The eruption of Mount Merapi in Central Java in 2010 caused 2,200 families to be displaced. But Behind the eruption of Mount Merapi tragedy, there are members of the community who live from the tourism sector such as a tour guide, souvenir sellers, etc. (May et al, 2016). Stone mentions there are several variables that encourage dark tourism is produced (Stone, 2005). One of these variables is the sensation of closeness and spontaneity to the sites of death, disaster, and suffering;
In the context of volcanic eruptions, the scale of the disaster and its effects and the media’s influence in covering these events seems to have attracted tourists to come to visit, from where it appears that the term dark tourism emerged and began to be widely used for tourists visiting volcanic sites in Indonesia (Komsary, 2016).
The area around the eruption location of Mount Merapi after the eruption became a tourist attraction and a source of community income in the eruption of Mount Merapi (Sagala et al., 2012). The location of the house where Maridjan lived refused to evacuate during the eruption became one of the main tourist destinations in the area of Mount Merapi. Visits to disaster sites in the context of tourism raises a number of fundamental issues, especially in terms of ethics / morality in categorizing sites where disaster sites occur as “dark tourism”.

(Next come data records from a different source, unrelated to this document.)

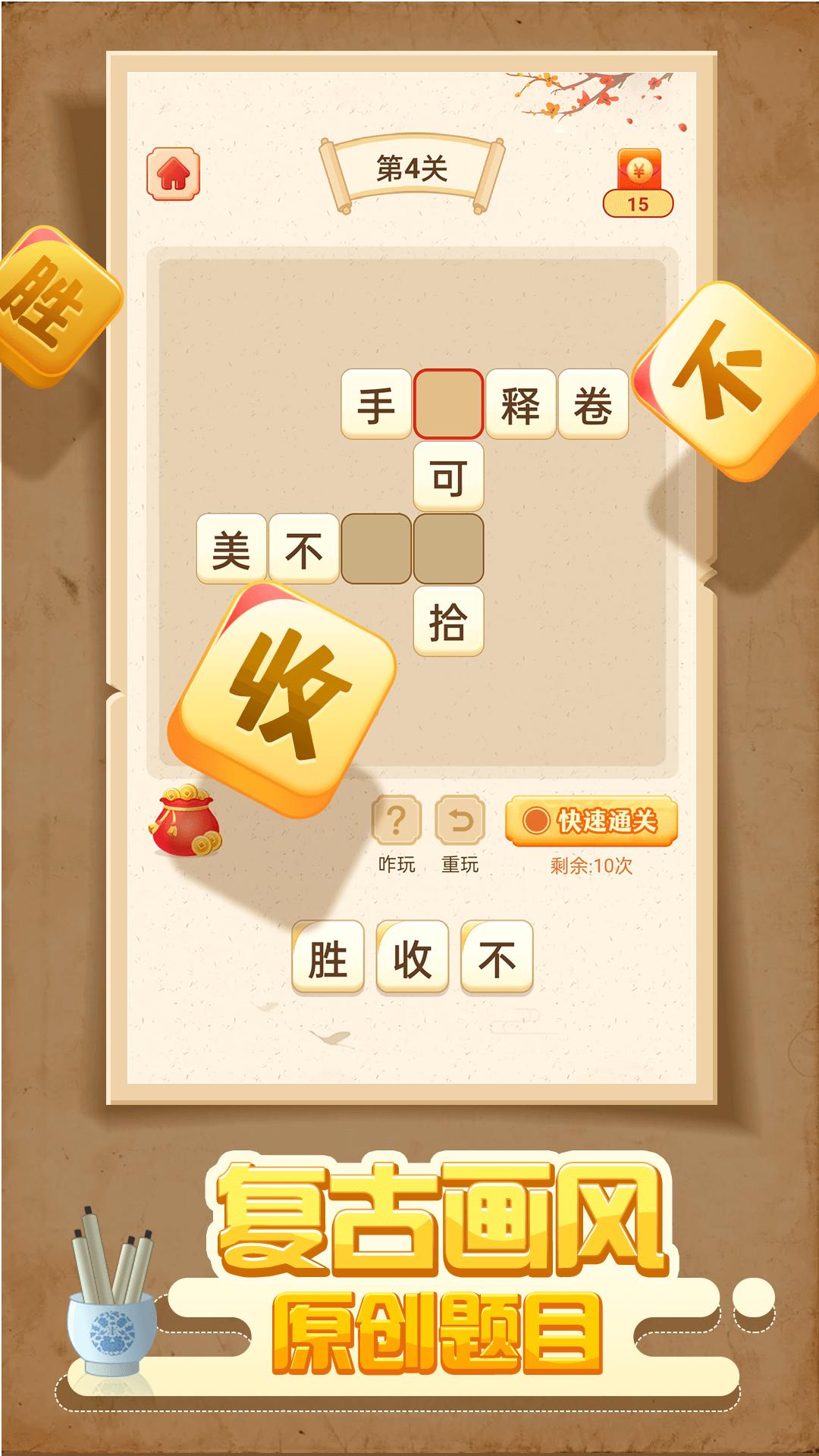成语赚红包APP最新版 截图0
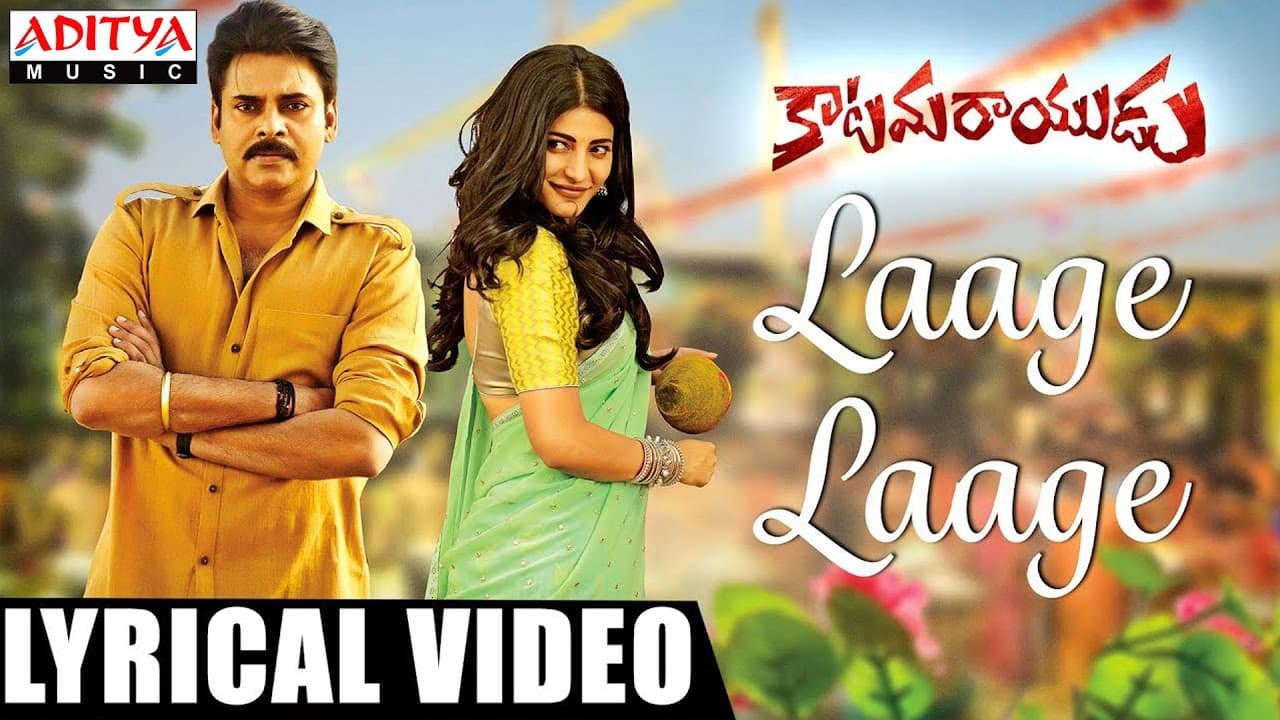 Laage Laage Full Song With English Lyrics || Katamarayudu || Pawan Kalyan, Shruthi Haasan || Anup
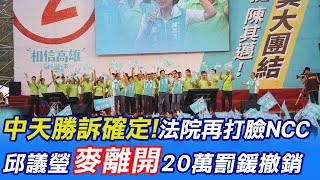 Re: [新聞] 紐約州長市長沒出現…蔡英文僑宴 政要出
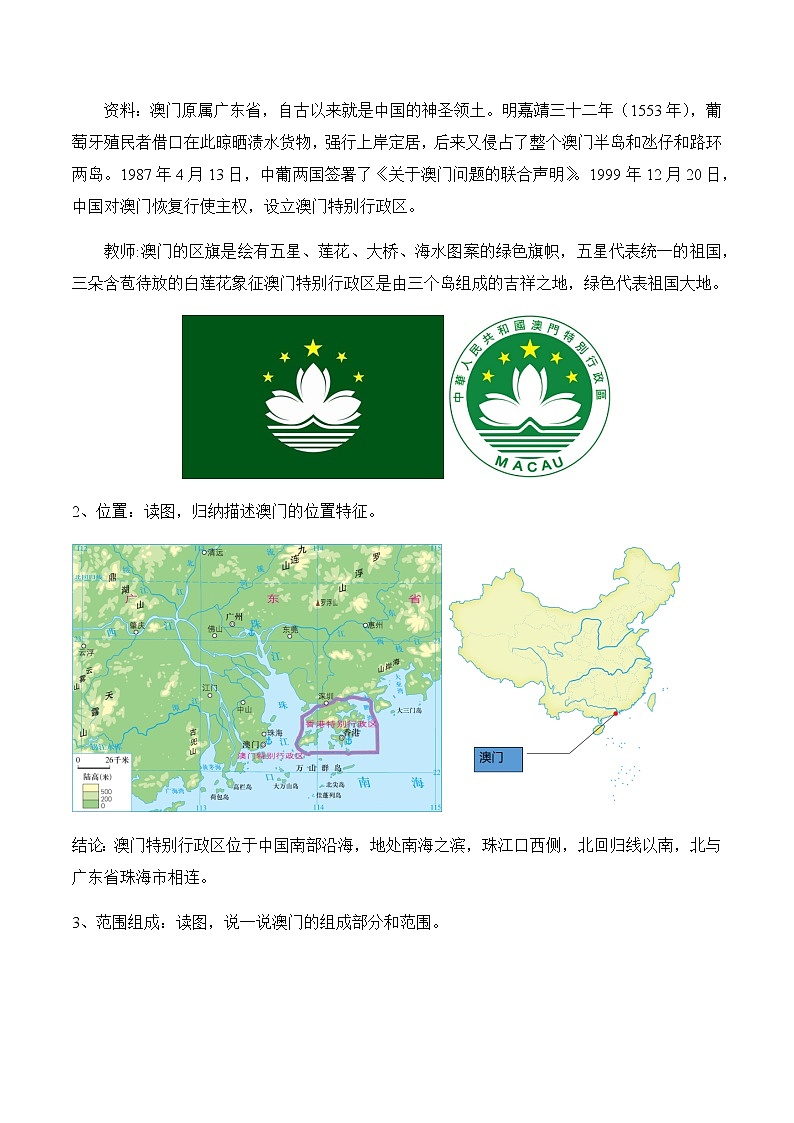 7.2澳門特別行政區(qū)的旅游文化特色（教案）-八年級(jí)地理下冊(cè)同步優(yōu)質(zhì)備課包課件+教案+練習(xí)（湘教版）第2頁(yè)
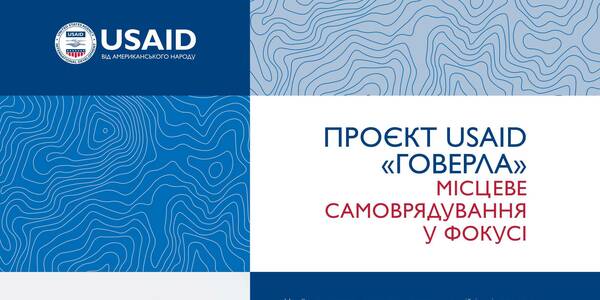 Місцеве самоврядування у фокусі – новий вісник Проєкту USAID «ГОВЕРЛА»

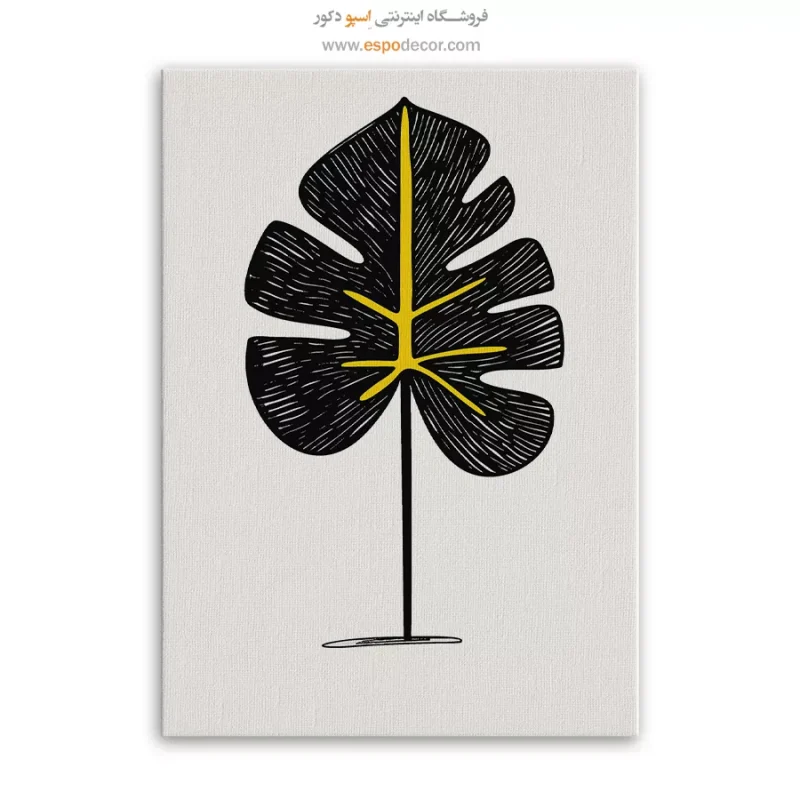 تابلو بوم تعطیلات - Image 6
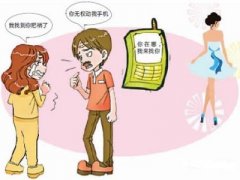 南华县寻人公司就单身女孩失踪原因总结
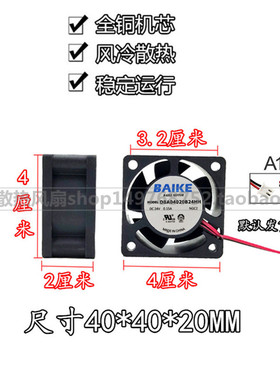全新BAIKE DBA0420B24HH 24V 0.15A大风量双滚珠变频器散热风扇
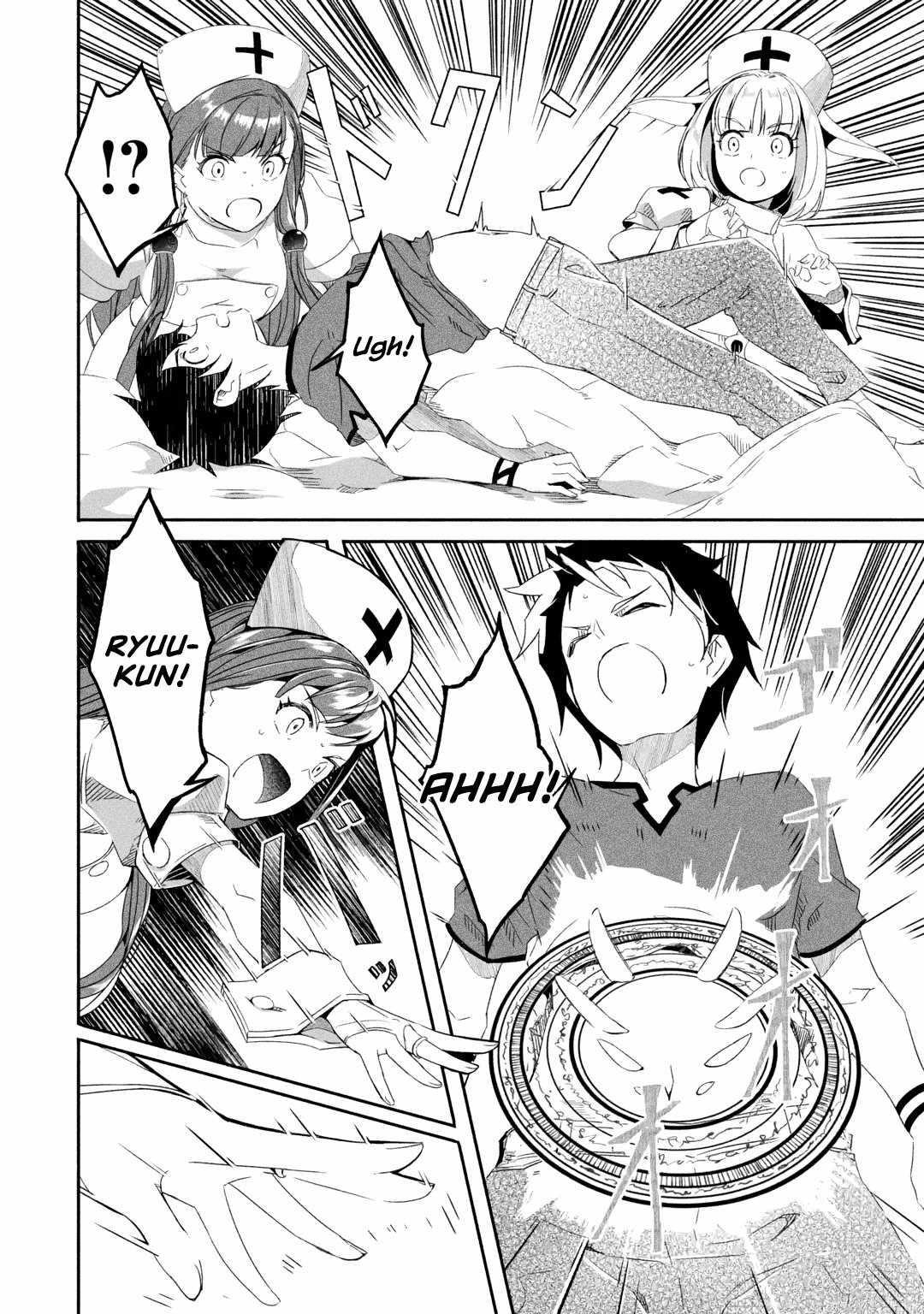 Mom, Please Don’t Come Adventuring With Me! ~The Boy Who Was Raised By The Ultimate Overprotective Dragon, Becomes An Adventurer With His Mother~ Chapter 20.1 - Page 8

One issue in the development of “dark tourism” in disaster sites is the vulnerability of local communities during the post-disaster recovery period. In the case of Indonesia there is an idea of developing disaster-based tourism as a solution in restoring the condition of society and this has caused controversy in various circles (Suyadnya and Fatanti, 2017).
In some cases, tourist visits at disaster sites in various themes (volcanic tourism, geotourism, dark tourism) have a tendency to decrease the number of tourist visits when associated with sustainability (Sagala et al., 2012). Therefore a comprehensive typology construction can lead to a better understanding of disaster-based tourism development.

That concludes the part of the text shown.